** TASK INPUT follows **
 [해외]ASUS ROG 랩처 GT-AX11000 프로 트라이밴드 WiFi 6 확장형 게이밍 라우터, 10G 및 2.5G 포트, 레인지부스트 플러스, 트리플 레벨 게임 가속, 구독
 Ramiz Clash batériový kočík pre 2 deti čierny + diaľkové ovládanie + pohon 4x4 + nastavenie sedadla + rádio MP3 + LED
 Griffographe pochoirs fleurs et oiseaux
** End of TASK INPUT **
** TASK INPUT follows **
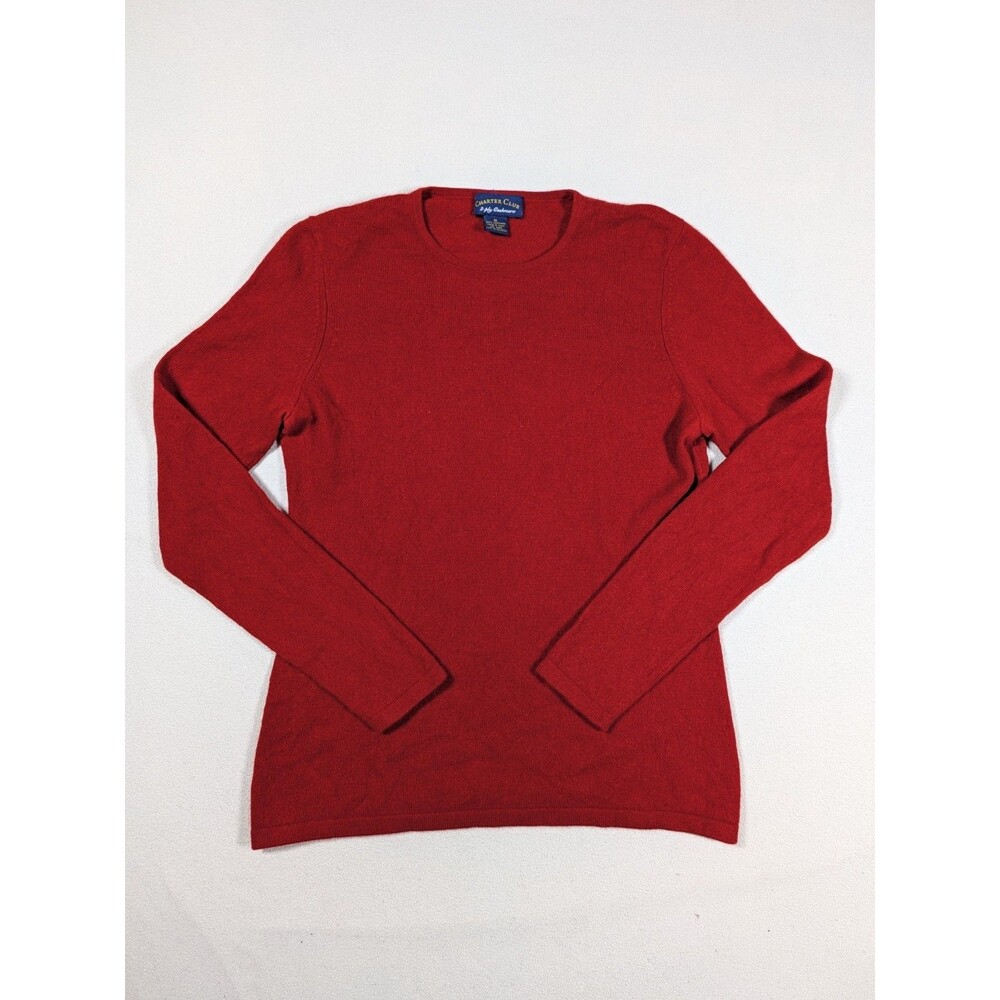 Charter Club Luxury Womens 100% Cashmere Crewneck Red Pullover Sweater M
** End of TASK INPUT **
** TASK INPUT follows **
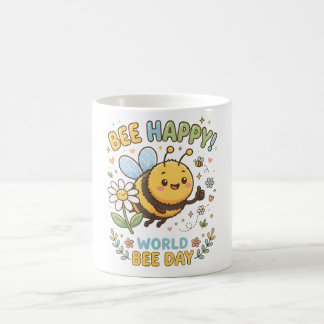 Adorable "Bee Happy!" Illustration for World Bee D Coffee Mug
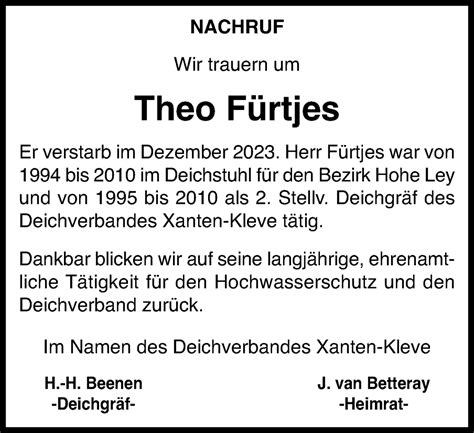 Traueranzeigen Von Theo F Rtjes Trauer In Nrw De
** End of TASK INPUT **
PROMPT:
An exact copy is needed of the entries above, starting at the line that holds "D Coffee Mug" and stopping at the line that holds "Traueranzeigen Von Theo", both kept; pictures stay out.

OUTPUT OF THE TASK:
 Adorable "Bee Happy!" Illustration for World Bee D Coffee Mug
 Traueranzeigen Von Theo F Rtjes Trauer In Nrw De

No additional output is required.